Mas a grande porta voz do filme foi, sem sombra de dúvida, a atriz Fernanda Torres. Sua elogiadíssima atuação como Eunice Paiva premiada no Globo de Ouro e suas carismáticas aparições em programas televisivos americanos como o de Jimmy Kimmel, bem como sua espirituosa presença nas redes sociais, a fizeram um fenômeno mundial. Quem diria que a Vani de Os Normais e a Fátima de Tapas & Beijos teria fãs como Ariana Grande, Carey Mulligan, Sarah Paulson, Jessica Chastain e Tilda Swinton.
“Fernanda é uma personalidade muito autêntica e acho que essa autenticidade foi ganhando as pessoas. Ela foi internacionalmente o que ela é no Brasil. E muito divertida e articulada, defendendo o tema, o filme, falando com muita propriedade e com humildade ao mesmo tempo. Honrando, como ela fala, o legado de Eunice. Sem falar que ela estava absolutamente bem assessorada em questão de estilo. Um estilo sóbrio que tem a ver com ela e também com a personagem. Tudo foi impecável. Foi um alinhamento dos planetas raro de se ver”, conclui Guerra.

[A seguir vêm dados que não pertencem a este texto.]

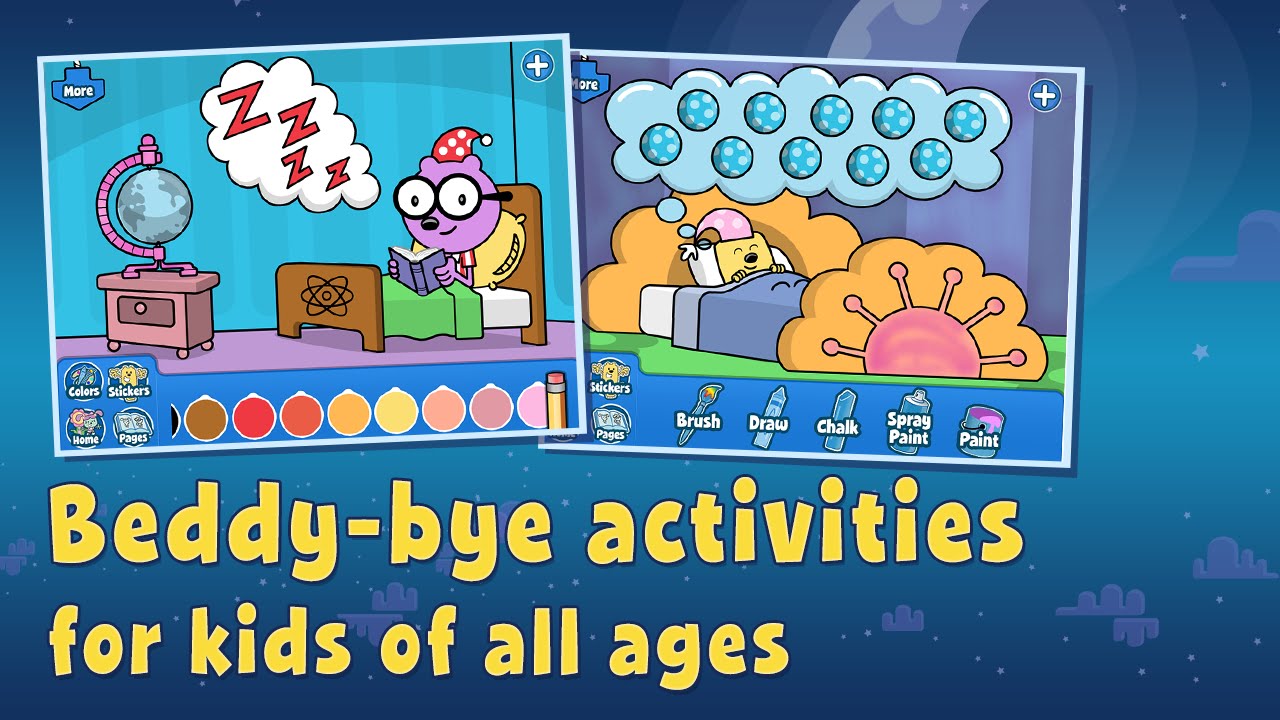 Good Night Wubbzy Counting Educational Android Ios Free Game Gameplay Video Youtube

Ainda mais raro é unir tamanho prestígio mundial e elogios da crítica com sucesso de bilheteria. No início de março deste ano, Ainda Estou Aqui ultrapassou a marca de R$ 200 milhões arrecadados mundialmente, sendo que pouco mais da metade veio aqui do Brasil. O público brasileiro, que tão fervorosamente torceu por Fernanda Torres e comemorou o Oscar como se fosse gol de final de Copa, manteve o filme em 500 salas de cinema após vinte semanas do lançamento. A vida realmente presta.